Так вот и я стремлюсь преодолеть угнетенность и не завидовать семенникам на лесной опушке.
Бывало, очень любил хвастаться тем, что весна для меня хороша: март – весна света и апрель – весна воды, а цвет мая пусть достается дачникам. Теперь нет. Пришло, что лучше всего май – весна цветов.
С утра в лес по грибы. Лес в росе после ночного дождя, весь охваченный солнцем. Какая тишина! И мысли все улеглись в ленивой дреме, как в полдень стада.
Цветут ирисы. Я первый раз в жизни увидел цветущий ирис, был восхищен причудливой формой. Мне представилось, что по изяществу нет лучше цветка и розы кажутся грубыми.
– Вы любите ирисы? – спросила Л.
– Нет, – ответил наш гость, – из них нельзя сделать букета.
Мы не могли спорить против правды. И нельзя доказать того, что есть на свете существо, в красоте своей независимое даже от правды.
П. С. картошку сажал, а я в первый раз в эту весну услыхал соловья.

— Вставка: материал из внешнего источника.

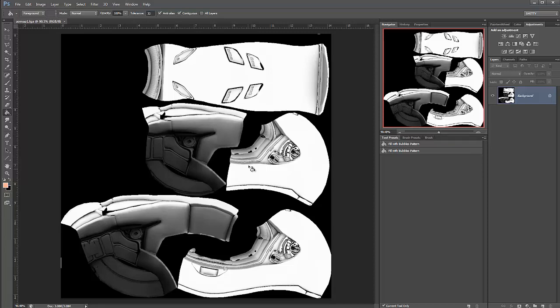If we were to use this as an AO map in our diffuse map, you know, we're going to set this to a multiply blend mode. But again, I expect you guys to kind of know that stuff. That's it for the tutorial, thanks for watching.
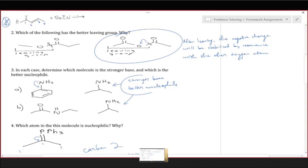I wanted to point out why it's good that you're giving that full explanation verbally. Notice you can't just say that the left-hand molecule is less basic because of resonance — you have to explain how the resonance works. Because in this case, the molecule with resonance is less reactive, whereas in problem two, the molecule with resonance was more reactive. Resonance can either help or hurt a reaction depending on the details. So it's good that you were giving the full explanation.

– П. С., – крикнул я, – соловей поет.
Он перестал на мгновенье работать, послушал и ответил:
– А почему бы ему тут не петь?
Дело было в том, что вообще соловьи, нужно сказать, не так-то важно поют. Граммофонные записи передают просто пустяковый щебет.
Но есть у каждого из нас счастливые мгновенья, когда поет нам свой соловей. Тогда через этого соловья весь мир нам поет, а садовый соловей это только подсказывает нашему вниманию.
И теперь, когда этой весной я слышу опять соловья, конечно, я думаю о том своем соловье. А П. С. или не слыхал еще своего соловья, или забыл и потому, думая вообще о соловье как перелетной птице, говорит:
– Почему бы ему тут и не петь?
Приходила Лина Михайловна По, слепая-скульптор. Рассказала нам свою удивительную историю жизни, как она, балерина, упала и ослепла и потом, слепая, создала портрет Чехова и сделалась скульптором.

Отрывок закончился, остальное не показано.